▶ Aim of the task: Which lines run from the line with "SSD диски на" through the line with "Foto 8 pulgar" in the entries below? Print them exactly, both ends included, and nothing more.

▶ Provided data:
◆ ◆ ◆ ◆

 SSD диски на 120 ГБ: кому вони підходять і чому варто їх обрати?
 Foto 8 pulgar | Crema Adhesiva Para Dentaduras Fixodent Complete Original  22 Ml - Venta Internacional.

◆ ◆ ◆ ◆

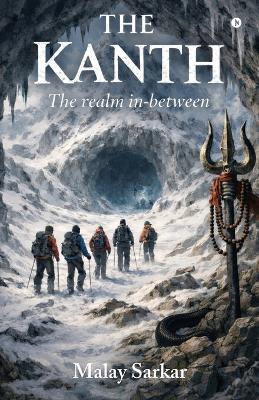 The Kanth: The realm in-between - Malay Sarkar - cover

◆ ◆ ◆ ◆

▶ Solved exercise:
 SSD диски на 120 ГБ: кому вони підходять і чому варто їх обрати?
 Foto 8 pulgar | Crema Adhesiva Para Dentaduras Fixodent Complete Original  22 Ml - Venta Internacional.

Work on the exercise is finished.